Battle rages for town where Ukraine rebels reject ceasefire

admin   •   February 17, 2015   •   2199

Members of the separatist self-proclaimed Donetsk People's Republic army collect parts of a destroyed Ukrainian army tank in the town of Vuhlehirsk, about 10 km (6 miles) to the west of Debaltseve, More... CREDIT: REUTERS/BAZ RATNER

Members of the separatist self-proclaimed Donetsk People’s Republic army collect parts of a destroyed Ukrainian army tank in the town of Vuhlehirsk, about 10 km (6 miles) to the west of Debaltseve, More…
CREDIT: REUTERS/BAZ RATNER

(Reuters) – Pro-Russian rebels pounded encircled Ukrainian government forces on Monday and Kiev said it would not pull back heavy guns while a truce was being violated, leaving a European-brokered peace deal on the verge of collapse.

The European Union kept pressure on Russia and the rebels by announcing a new list of separatists and Russians targeted with sanctions, to which Moscow promised an “adequate” response.

The United States said it was “gravely concerned” by the fighting in and around the town of Debaltseve in eastern Ukraine after a ceasefire agreement that came into force on Sunday and said it was closely monitoring reports of a new column of Russian military equipment moving toward the region.

“These aggressive actions and statements by the Russia-backed separatists threaten the most recent ceasefire,” U.S. State Department spokeswoman Jen Psaki said in a statement. “We call on Russia and the separatists it backs to halt all attacks immediately.”

Fighting subsided in many parts of eastern Ukraine under a ceasefire deal reached last week in marathon talks involving the leaders of France, Germany, Russia and Ukraine.

But the truce appears to have been stillborn in Debaltseve, where the most intensive fighting has taken place in recent weeks.

“The situation is fragile,” said German Chancellor Angela Merkel, the driving force behind the deal reached on Thursday after all-night talks in the Belarussian capital Minsk.

“It was always clear that much remains to be done.

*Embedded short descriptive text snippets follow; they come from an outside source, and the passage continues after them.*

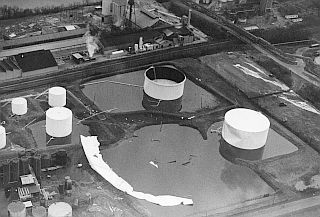 Aerial photo looking down on the scene with twisted shell of split tank remaining and “dented” neighboring tank at right.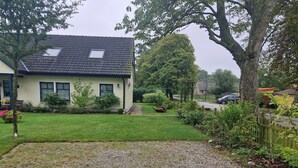 Uma casa com telhado inclinado, um pequeno jardim e uma entrada com calçada de brita.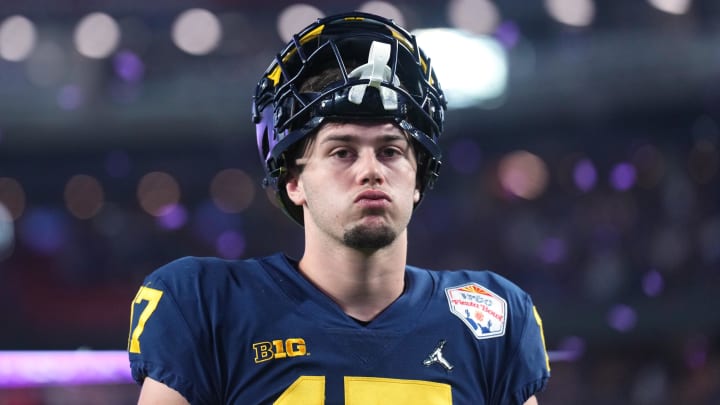 Dec 31, 2022; Glendale, Arizona, USA; Michigan Wolverines tight end Marlin Klein (17) walks off the field after losing to the TCU Horned Frogs in the 2022 Fiesta Bowl at State Farm Stadium. Mandatory Credit: Joe Camporeale-USA TODAY Sports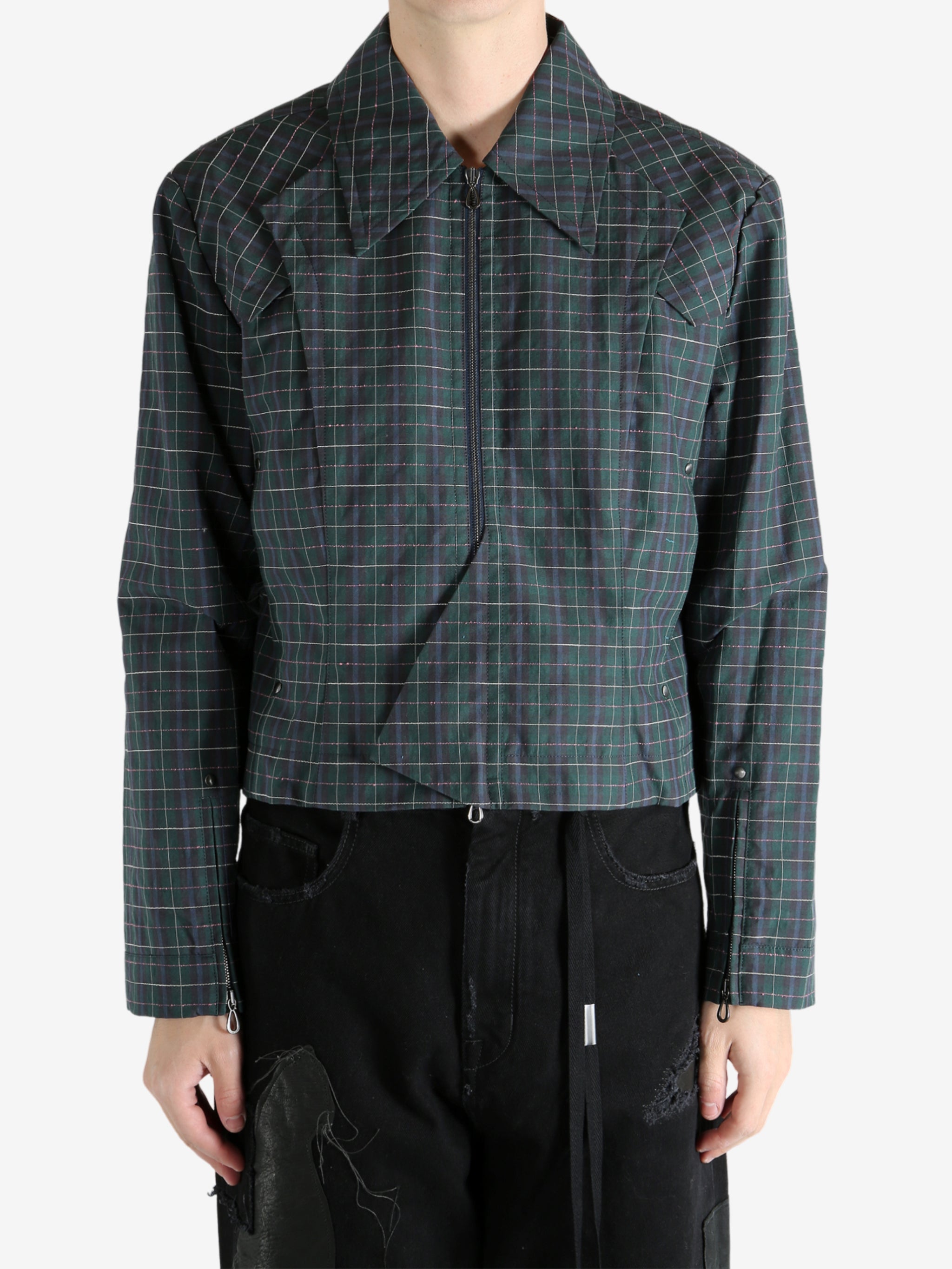 Green blouson worn by a person, showing the blouson's fit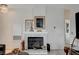 Elegant fireplace with stylish tile surround and contemporary decor at 1401 Red Crest Ln # 201, Las Vegas, NV 89144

And I have always said that there are no guarantees that what we are trying to do succeeds. It will be an extremely difficult path,” she told reporters in Berlin.

Merkel, along with the leaders of France and Ukraine, expressed concern about continued fighting in Debaltseve and said observers from the Organization for Security and Cooperation in Europe (OSCE) must have “free access” for their work in eastern Ukraine.

Rebels said soon after the ceasefire came into effect they had no intention of observing it at Debaltseve, where they have been advancing since January and now have a Ukrainian unit all but encircled.

Washington says the rebel operation around the town, which sits on a strategic railway hub, is being assisted by the Russian armed forces, which Moscow denies.

The U.S. State Department spokeswoman called on Russia and the separatists to engage with the OSCE to facilitate the cease fire.

The OSCE said on Sunday that the rebels had refused to allow its monitors to reach Debaltseve after the ceasefire took effect.

Reuters reporters near the front said Debaltseve was being relentlessly bombarded with artillery. At least six tanks as well as armoured personnel carriers and artillery could be seen in woods near Vuhlehirsk, 10 km (six miles) west of Debaltseve, which the rebels captured a week ago.

Military trucks headed along the main road in the direction of the town to regular bursts of shelling and the firing of Grad rockets and machine guns.

“You can hear there is no ceasefire,” said a rebel fighter with a black ski mask who gave his name as Scorpion, his nom de guerre, and blamed the fighting on Kiev’s forces. “Debaltseve is our land. And we will take Debaltseve.”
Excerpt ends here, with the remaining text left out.